Nel frattempo la situazione politica francese è in continuo mutare, con la Rivoluzione del 1848, Desirée esce allo scoperto ancor di più e prende posizioni pubbliche appellandosi direttamente al governo provvisorio sollevando problematiche per migliorare la condizione delle lavoratrici e per la sovvenzione finanziaria di ristoranti e stirerie, occupazioni specificatamente femminili, che avrebbero reso quindi più facile alle donne avere una loro indipendenza economica. Grazie al suo impegno viene eletta, per il secondo arrondissement, Delegata alla Commissione del Lavoro che ha sede al Palazzo del Lussemburgo, proprio quello stesso palazzo che pochi anni prima aveva visto  prigioniera un'altra donna che durante la Rivoluzione aveva lottato per i diritti delle donne, Claire Lecombe.
Diviene anche capo della divisione Fontane, nell’ambito degli ateliers Nazionali creati dal governo per creare lavoro ai disoccupati, anche se gli ateliers vengono aperti solo alle donne che lavorano nel tessile e riescono a garantire loro una paga misera. Nel frattempo Desirée continua però anche il suo impegno editoriale collaborando con la rivista “La Voce delle Donne” che riesce ad uscire sperò solo per qualche mese, quindi Desirée forte della sua prima esperienza con la “Libertà della donna”, fonda ancora una volta il giornale “La politica delle Donne” che ha vita brevissima, solo due numeri, e che viene sostituita dal giornale “L’Opinione delle Donne”. Decide allora di fondare con, Jeanne Deroin, la fondatrice del giornale La Voce delle Donne, un’associazione di mutuo soccorso per le donne che riceverà dall’Assemblea Nazionale un cospicuo fondo ma che nonostante questo non vedrà più il coinvolgimento di Desirée che preferirà ritirarsi e riprendere il suo lavoro da cucitrice.
 

Finisce nel 1849 il coinvolgimento militante di Jeanne Desirée Véret Gay, che da ora in avanti si dedicherà esclusivamente al suo lavoro e fonderà una merceria i cui lavori saranno apprezzatissimi all’Esposizione Universale del 1855 proprio a Parigi, dove i suoi manufatti saranno premiati.

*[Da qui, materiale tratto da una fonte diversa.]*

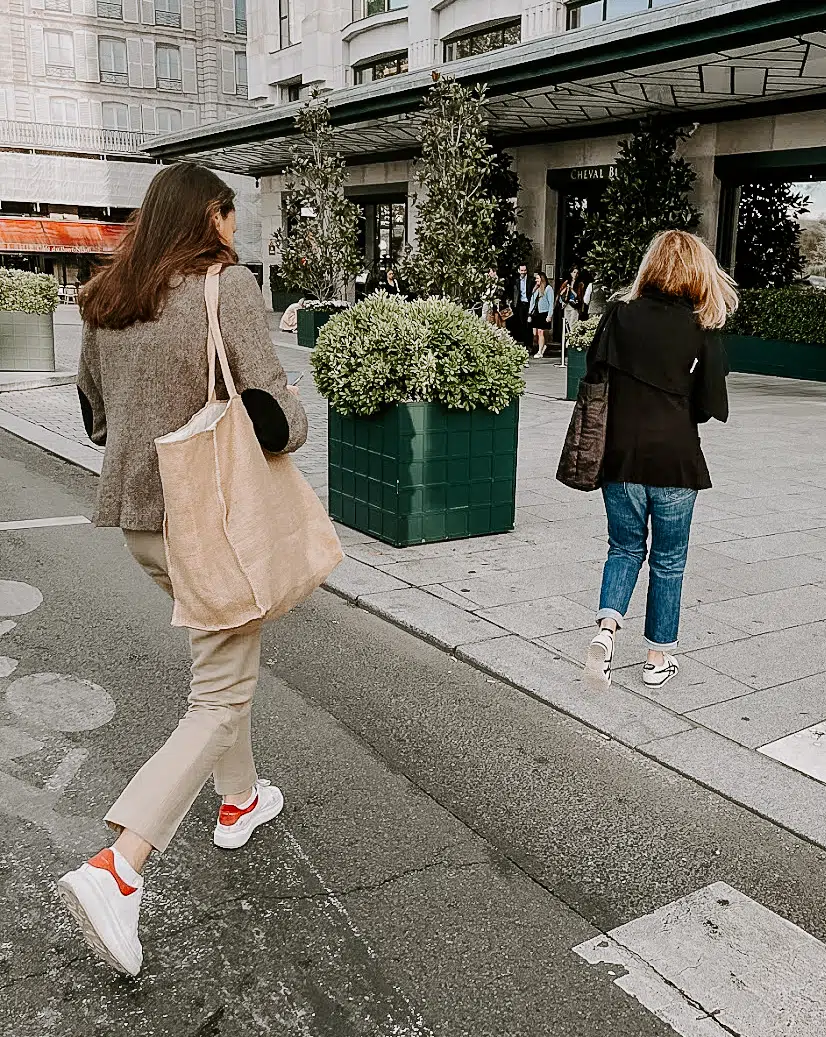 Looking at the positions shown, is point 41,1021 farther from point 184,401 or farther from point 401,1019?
point 184,401

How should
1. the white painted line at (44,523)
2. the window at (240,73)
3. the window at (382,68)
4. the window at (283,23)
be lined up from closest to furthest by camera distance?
the white painted line at (44,523) → the window at (382,68) → the window at (283,23) → the window at (240,73)

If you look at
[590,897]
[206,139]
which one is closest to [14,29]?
[206,139]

La situazione però si complica quando suo marito a causa della censura, vede messo in pericolo il suo lavoro di tipografo ed editore e quindi la famiglia decide di spostarsi in Belgio, a Bruxelles nel 1865, dove partecipano alla I Internazionale Socialista, che vede Desirée ancora una volta, nonostante la sua decisione passata, in prima fila, diventando nel 1866 Presidente della Sezione Femminile.
Sempre attenta all’emancipazione femminile, che caratterizzerà comunque anche gli ultimi anni della sua vita nonostante si fosse ufficialmente ritirata dalla “lotta” in prima linea, nel 1868, scrive e pubblica il libro, indirizzato alle donne: “Educazione razionale della prima infanzia”, un manuale per giovani madri.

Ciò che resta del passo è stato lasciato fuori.